Get a hold of three or four terrific original scripts. You decide which ones. Read them; analyze them if you want, or just let them wash over you. Notice their format: it’s standard in the industry, no exceptions. Then throw away or erase from memory all the books, articles, and lessons that reference or espouse three-act structures, five- and seven-act structures, “inciting events,” “character arcs,” “redemption,” Joseph Campbell’s name, plot graphs and charts, or supposed “tricks of the trade.” Forget the mumbo jumbo and just write the damn script and finish it in 120 pages or less. If you’re sufficiently talented, original, and inspired, nothing else is necessary. If you’re not, nothing else will help. If it turns out that you lack one or all of those elements, write another script. Maybe another. Give up when you can’t take it anymore. The time saved by not reading all those how-to books should be enough to carry you through the first several scripts at least, with time to spare. Sound cruel? Ask any screenwriter.

Sally forth and be writeful… and enjoy your weekend.

Grace Paley on the Importance of Carrying a Pencil and Paper

  1. Have a low overhead.
  2. Don’t live with anybody who doesn’t support your work. Very important.
  3. And read a lot. Don’t be afraid to read or of being influenced by what you read. You’re more influenced by the voice of childhood than you are by some poet you’re reading.
  4. The last piece of advice is to keep a paper and pencil in your pocket at all times, especially if you’re a poet. But even if you’re a prose writer, you have to write things down when they come to you, or you lose them, and they’re gone forever. Of course, most of them are stupid, so it doesn’t matter. But in case they’re the thing that solves the problem for the story or the poem or whatever, you’d better keep a pencil and a paper in your pocket. I gave this big advice in a talk, and then about three hours later I told a student I really liked his work and asked how I could get in touch with him. He said he would give me his name and address. I looked in my pocket, and I didn’t have any pencil or paper.

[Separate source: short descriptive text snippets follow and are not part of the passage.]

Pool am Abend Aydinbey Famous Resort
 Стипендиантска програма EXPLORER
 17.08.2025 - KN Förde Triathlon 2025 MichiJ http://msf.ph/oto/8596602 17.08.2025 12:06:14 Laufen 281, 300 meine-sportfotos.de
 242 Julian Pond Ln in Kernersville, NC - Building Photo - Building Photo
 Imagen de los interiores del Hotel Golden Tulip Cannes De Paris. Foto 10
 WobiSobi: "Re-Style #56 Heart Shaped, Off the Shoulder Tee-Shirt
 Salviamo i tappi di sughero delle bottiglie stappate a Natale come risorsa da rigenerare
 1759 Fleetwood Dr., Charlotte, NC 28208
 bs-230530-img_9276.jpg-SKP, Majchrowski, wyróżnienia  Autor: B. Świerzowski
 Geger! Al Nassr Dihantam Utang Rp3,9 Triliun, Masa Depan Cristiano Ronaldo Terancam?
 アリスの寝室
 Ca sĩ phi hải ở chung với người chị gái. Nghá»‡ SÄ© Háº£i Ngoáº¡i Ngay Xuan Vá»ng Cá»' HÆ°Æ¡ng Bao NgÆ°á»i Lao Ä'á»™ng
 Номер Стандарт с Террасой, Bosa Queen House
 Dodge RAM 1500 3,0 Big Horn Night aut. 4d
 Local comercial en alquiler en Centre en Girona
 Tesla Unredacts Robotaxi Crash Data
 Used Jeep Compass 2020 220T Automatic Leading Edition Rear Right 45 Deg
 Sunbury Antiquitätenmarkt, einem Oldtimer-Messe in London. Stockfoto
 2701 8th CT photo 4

Raymond Carver on Cheap Tricks

I overheard the writer Geoffrey Wolff say “No cheap tricks” to a group of writing students. That should go on a three-by-five card. I’d amend it a little to “No tricks.” Period. I hate tricks. At the first sign of a trick or a gimmick in a piece of fiction, a cheap trick or even an elaborate trick, I tend to look for cover. Tricks are ultimately boring, and I get bored easily, which may go along with my not having much of an attention span. But extremely clever chichi writing, or just plain tomfoolery writing, puts me to sleep. Writers don’t need tricks or gimmicks or even necessarily need to be the smartest fellows on the block. At the risk of appearing foolish, a writer sometimes needs to be able to just stand and gape at this or that thing—a sunset or an old shoe—in absolute and simple amazement.